• [Exercise] Please copy, exactly as they appear below, the lines from the one containing "Noida housing society" through the one containing "Una piscina al".

[Records from a dataset]

------------------------------------------------------------

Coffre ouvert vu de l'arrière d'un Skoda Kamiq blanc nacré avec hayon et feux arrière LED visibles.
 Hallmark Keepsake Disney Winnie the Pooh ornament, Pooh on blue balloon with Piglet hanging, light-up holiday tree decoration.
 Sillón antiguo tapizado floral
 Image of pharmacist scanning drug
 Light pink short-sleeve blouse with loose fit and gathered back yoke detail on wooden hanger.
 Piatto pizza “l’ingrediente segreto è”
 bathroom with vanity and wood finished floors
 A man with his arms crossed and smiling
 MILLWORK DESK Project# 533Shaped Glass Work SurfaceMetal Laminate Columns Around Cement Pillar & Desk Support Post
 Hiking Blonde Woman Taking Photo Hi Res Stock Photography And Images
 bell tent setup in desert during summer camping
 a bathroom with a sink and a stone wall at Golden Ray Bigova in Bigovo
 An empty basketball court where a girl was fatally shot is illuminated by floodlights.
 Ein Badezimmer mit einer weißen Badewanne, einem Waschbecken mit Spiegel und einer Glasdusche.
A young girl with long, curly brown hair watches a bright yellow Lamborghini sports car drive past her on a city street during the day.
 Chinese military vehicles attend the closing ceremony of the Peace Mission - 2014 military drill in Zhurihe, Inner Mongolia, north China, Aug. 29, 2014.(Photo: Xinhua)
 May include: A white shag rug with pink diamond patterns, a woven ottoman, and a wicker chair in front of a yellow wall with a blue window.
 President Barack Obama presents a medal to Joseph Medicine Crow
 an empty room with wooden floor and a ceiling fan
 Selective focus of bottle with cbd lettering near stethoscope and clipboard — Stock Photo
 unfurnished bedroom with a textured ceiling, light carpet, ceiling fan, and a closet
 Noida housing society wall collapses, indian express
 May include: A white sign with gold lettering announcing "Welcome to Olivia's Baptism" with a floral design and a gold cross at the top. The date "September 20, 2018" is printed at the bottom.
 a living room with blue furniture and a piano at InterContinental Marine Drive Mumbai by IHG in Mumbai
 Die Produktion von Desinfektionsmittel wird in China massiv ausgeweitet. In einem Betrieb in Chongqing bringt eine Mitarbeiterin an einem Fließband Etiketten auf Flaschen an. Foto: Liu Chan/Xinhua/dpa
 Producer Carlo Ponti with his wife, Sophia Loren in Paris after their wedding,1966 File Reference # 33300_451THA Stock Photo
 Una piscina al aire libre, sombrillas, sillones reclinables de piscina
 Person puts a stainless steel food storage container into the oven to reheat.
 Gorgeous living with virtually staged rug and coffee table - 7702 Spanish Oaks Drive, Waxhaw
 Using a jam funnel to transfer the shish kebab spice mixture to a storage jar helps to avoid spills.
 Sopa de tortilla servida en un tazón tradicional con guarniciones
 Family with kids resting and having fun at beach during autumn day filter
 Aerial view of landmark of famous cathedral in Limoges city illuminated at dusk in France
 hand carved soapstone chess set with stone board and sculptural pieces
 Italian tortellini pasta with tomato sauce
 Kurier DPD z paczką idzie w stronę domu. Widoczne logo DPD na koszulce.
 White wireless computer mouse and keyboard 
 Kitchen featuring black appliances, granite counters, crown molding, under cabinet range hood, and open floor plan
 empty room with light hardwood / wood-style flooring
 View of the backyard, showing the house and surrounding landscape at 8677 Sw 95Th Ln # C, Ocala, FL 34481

------------------------------------------------------------

• [Response box]
 Noida housing society wall collapses, indian express
 May include: A white sign with gold lettering announcing "Welcome to Olivia's Baptism" with a floral design and a gold cross at the top. The date "September 20, 2018" is printed at the bottom.
 a living room with blue furniture and a piano at InterContinental Marine Drive Mumbai by IHG in Mumbai
 Die Produktion von Desinfektionsmittel wird in China massiv ausgeweitet. In einem Betrieb in Chongqing bringt eine Mitarbeiterin an einem Fließband Etiketten auf Flaschen an. Foto: Liu Chan/Xinhua/dpa
 Producer Carlo Ponti with his wife, Sophia Loren in Paris after their wedding,1966 File Reference # 33300_451THA Stock Photo
 Una piscina al aire libre, sombrillas, sillones reclinables de piscina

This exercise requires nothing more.